> [How to complete this task]: Your result should be the lines holding the word "Image", copied from the entries below.

> [Stored entries]:

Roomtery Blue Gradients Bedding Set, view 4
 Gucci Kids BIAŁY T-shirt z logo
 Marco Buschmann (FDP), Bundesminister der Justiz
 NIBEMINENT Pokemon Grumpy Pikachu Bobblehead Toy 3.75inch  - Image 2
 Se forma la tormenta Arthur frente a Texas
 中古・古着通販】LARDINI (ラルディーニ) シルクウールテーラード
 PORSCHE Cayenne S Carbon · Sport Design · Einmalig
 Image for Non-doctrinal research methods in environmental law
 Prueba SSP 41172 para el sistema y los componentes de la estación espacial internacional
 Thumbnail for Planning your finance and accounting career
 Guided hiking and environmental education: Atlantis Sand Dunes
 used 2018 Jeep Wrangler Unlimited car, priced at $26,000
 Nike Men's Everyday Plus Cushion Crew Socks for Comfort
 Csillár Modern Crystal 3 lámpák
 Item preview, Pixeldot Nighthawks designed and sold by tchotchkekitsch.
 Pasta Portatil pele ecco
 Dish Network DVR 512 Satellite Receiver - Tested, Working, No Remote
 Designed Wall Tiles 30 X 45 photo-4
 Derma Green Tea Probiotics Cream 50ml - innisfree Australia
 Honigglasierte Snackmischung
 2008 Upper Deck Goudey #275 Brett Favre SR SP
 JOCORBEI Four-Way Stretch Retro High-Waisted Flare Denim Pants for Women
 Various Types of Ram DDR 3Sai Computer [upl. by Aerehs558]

> [Output]:
 NIBEMINENT Pokemon Grumpy Pikachu Bobblehead Toy 3.75inch  - Image 2
 Image for Non-doctrinal research methods in environmental law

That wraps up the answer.